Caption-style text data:
══════════
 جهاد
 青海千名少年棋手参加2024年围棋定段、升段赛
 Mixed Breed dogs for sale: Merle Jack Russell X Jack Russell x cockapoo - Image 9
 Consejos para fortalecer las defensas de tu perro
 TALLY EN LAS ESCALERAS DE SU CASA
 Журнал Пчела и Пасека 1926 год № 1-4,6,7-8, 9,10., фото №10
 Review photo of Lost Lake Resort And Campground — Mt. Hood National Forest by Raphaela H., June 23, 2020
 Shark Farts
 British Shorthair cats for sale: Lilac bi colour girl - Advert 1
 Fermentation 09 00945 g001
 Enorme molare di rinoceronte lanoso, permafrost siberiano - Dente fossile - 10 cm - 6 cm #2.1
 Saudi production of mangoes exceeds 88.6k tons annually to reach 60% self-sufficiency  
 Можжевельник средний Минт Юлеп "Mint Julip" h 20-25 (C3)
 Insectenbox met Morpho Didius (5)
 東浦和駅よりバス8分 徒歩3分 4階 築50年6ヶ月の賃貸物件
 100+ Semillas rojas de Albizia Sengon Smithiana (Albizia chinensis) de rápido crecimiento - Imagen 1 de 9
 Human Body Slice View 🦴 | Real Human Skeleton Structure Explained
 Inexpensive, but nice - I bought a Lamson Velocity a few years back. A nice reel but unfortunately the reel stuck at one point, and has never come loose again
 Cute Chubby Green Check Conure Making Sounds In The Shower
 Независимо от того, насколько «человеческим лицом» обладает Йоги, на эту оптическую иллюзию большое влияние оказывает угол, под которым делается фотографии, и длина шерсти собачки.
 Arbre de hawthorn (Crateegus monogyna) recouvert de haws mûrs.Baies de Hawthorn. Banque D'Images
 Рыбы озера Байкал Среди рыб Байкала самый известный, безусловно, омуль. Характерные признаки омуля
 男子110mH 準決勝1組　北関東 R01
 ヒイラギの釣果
══════════
_EXERCISE_
If a line in the records above includes the string "sale", copy it.

_FINAL ANSWER_
 Mixed Breed dogs for sale: Merle Jack Russell X Jack Russell x cockapoo - Image 9
 British Shorthair cats for sale: Lilac bi colour girl - Advert 1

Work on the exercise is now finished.